Posted by Jerry Brewer
I started advocating that the Seahawks pay Marshawn Lynch, who will be a free agent at season's end, in my latest column.
Of course, that's easy to say. But there are several things to consider that I couldn't fit into a 710-word opinion written on deadline after a night game.
First on the list is this: What is Lynch's worth? And what will he ask for?
Neither Lynch nor his agent figures to go public with any demands. It's bad negotiating form, and with four games remaining this season, it's too early to talk contract anyway. But it's never too early to speculate.
It's a no-brainer that the Seahawks will want to keep Lynch, even if they have to place the franchise tag on him. Because Pete Carroll is committed to fixing the running game and loves to make statements about the importance of it to his team, you'd think the Seahawks would rather sign their best player to a new deal. Lynch deserves it, and it's important for the morale of a young team for an organization to reward its worthy players and place a value on hard work.
Still, it's tricky to determine how much of a commitment the Seahawks should make to their Skittles-chomping star. Lynch is on a seven-game tear: 713 rushing yards, 4.6 yards per carry during that span. He has scored a touchdown in eight straight games. While his production is a sign the Seahawks offensive line has improved, it's also a testament to Lynch's tough running. Holes are opening more frequently, but the line play isn't consistent. It doesn't matter. Lynch only needs a little room; he'll break tackles and drag defenders to take care of the rest.

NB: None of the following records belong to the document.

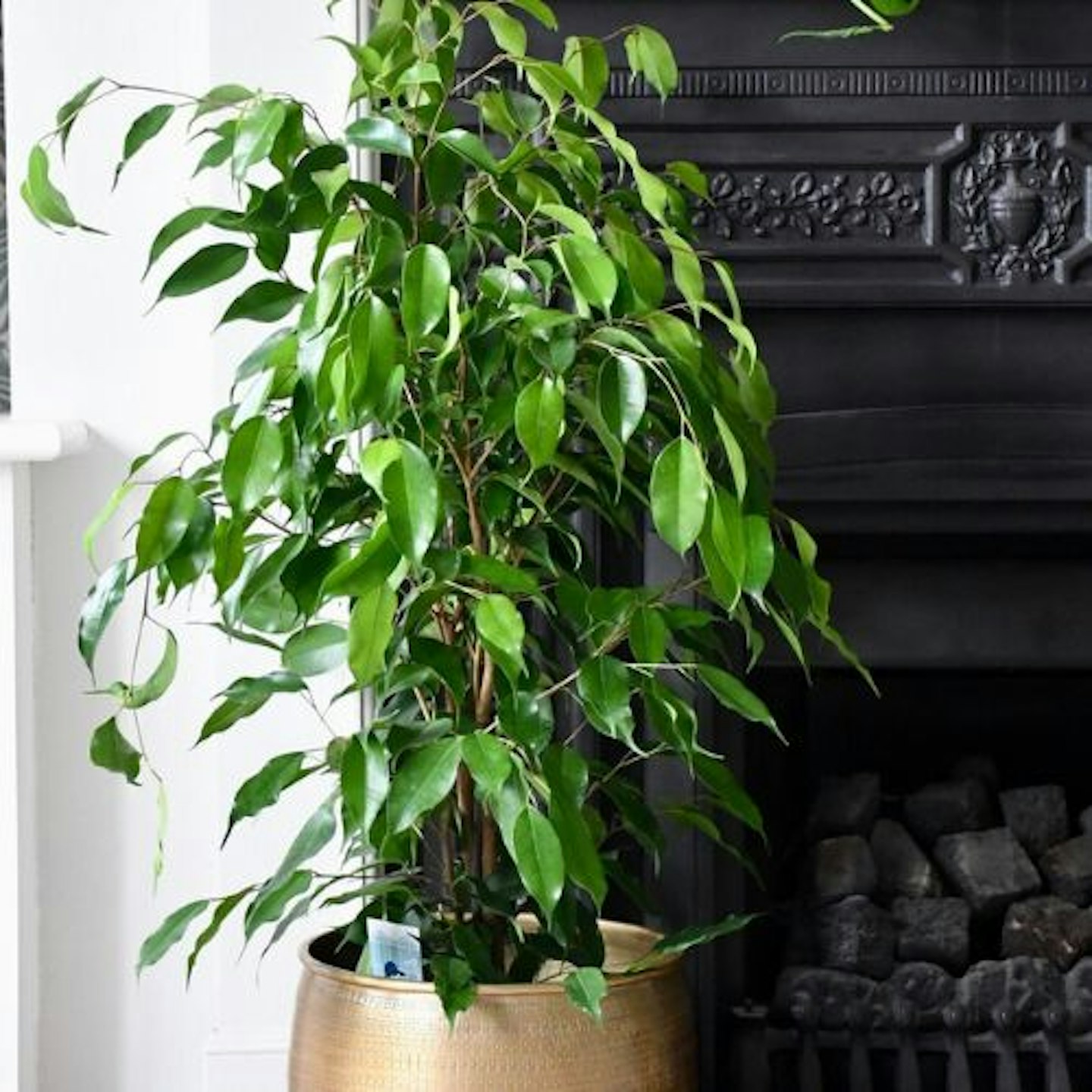 Weeping Fig Tree - Ficus Benjamina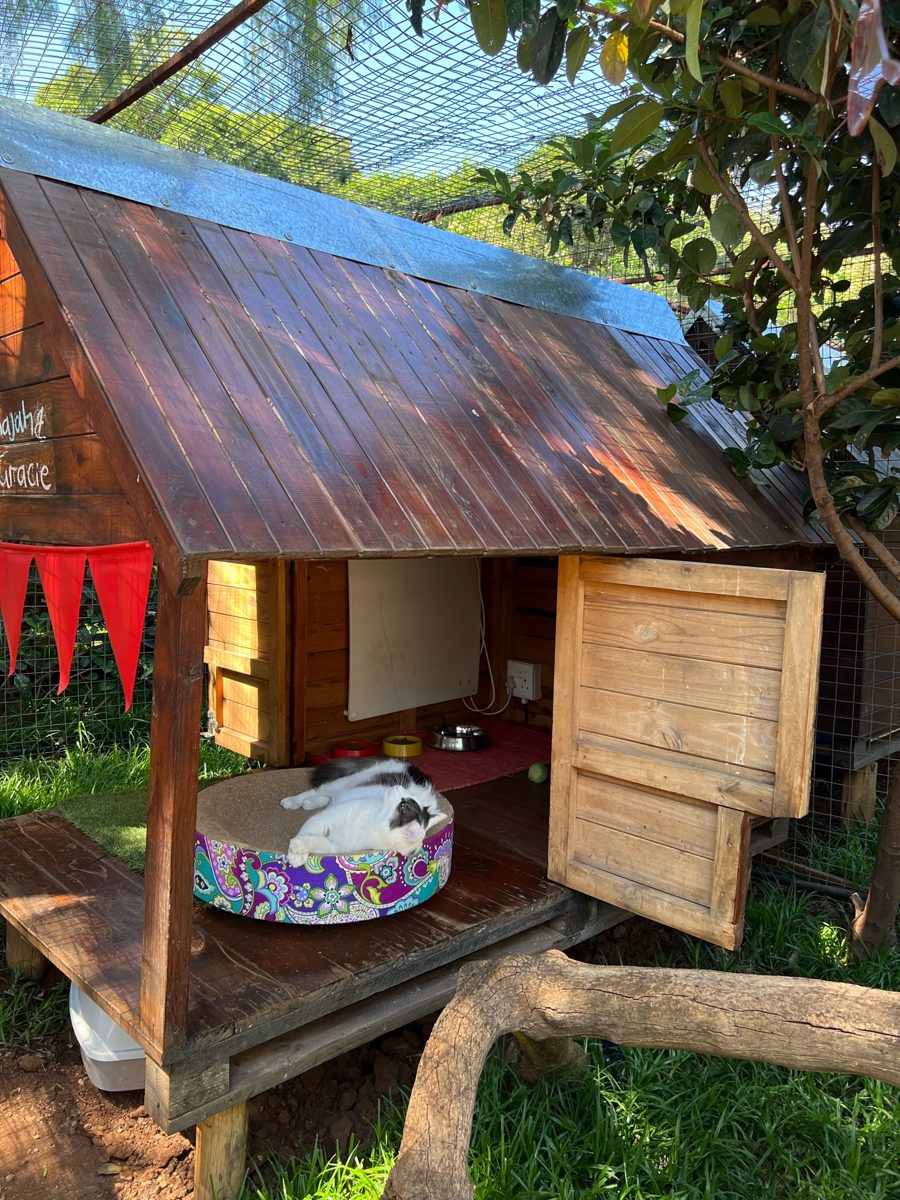 Deluxe Garden Villa, a wooden house on stilts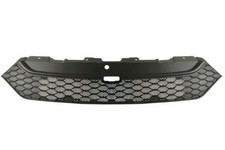 Griglia radiatore centro nero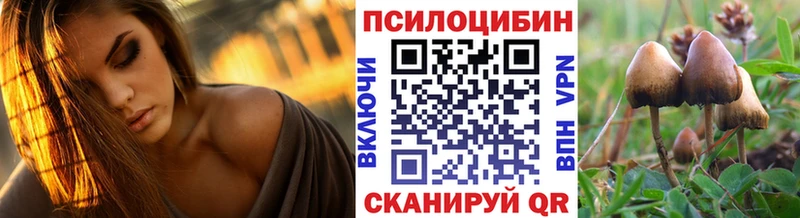Псилоцибиновые грибы прущие грибы  OMG   Дно 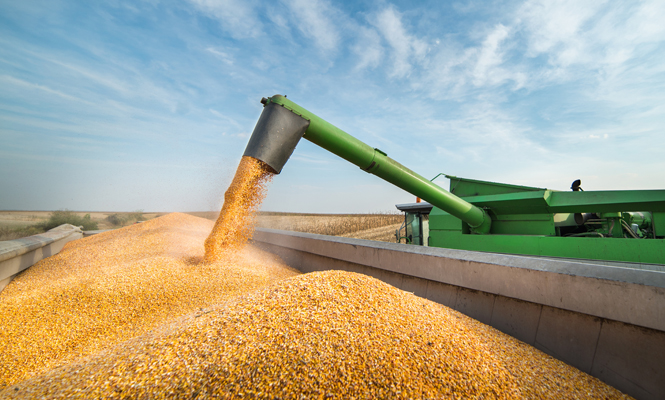 Combine harvesting corn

It's getting harder to remember that, in the first four games, Lynch ran for only 141 yards (35.3 per game) and averaged a mere 3.1 yards a carry. Just a month ago, when Lynch was just getting going, you would've figured that the Seahawks could re-sign him, perhaps, a three-year deal worth about $10 million guaranteed.
Now, though, he currently ranks eighth in the NFL with 854 rushing yards, though he's likely to slip out of the top 10 by the time Week 13 is over. If he averages just 65.5 yards in the final four games, he will surpass his career high of 1,115 rushing yards, which was set during his 2007 rookie season in Buffalo. Lynch ran for 1,036 yards in 2008. Since then, he has not reached 1,000.
So, how much do you pay for a good running back who has a history of solid (but not stellar) production but who seemingly still has an upside?
Well, let's start with the easy part. Lynch doesn't have an elite track record, so he won't be getting Chris Johnson money ($30 million guaranteed) or Adrian Peterson money ($36 million guaranteed).
He's in a different tier, and there is a comparable running back who recently got paid, and his big contract complicates matters. Carolina gave DeAngelo Williams $21 million guaranteed before this season. Williams and Lynch have differing styles, but their production is similar. Both have two 1,000-yard rushing seasons on their resume. Williams is more of a big-play threat, Lynch has a more physical running style. Williams' best season was more impressive than Lynch's. He rushed for 1,515 yards and 18 touchdowns in 2008. But since then, Williams has struggled to stay healthy. Lynch is more durable.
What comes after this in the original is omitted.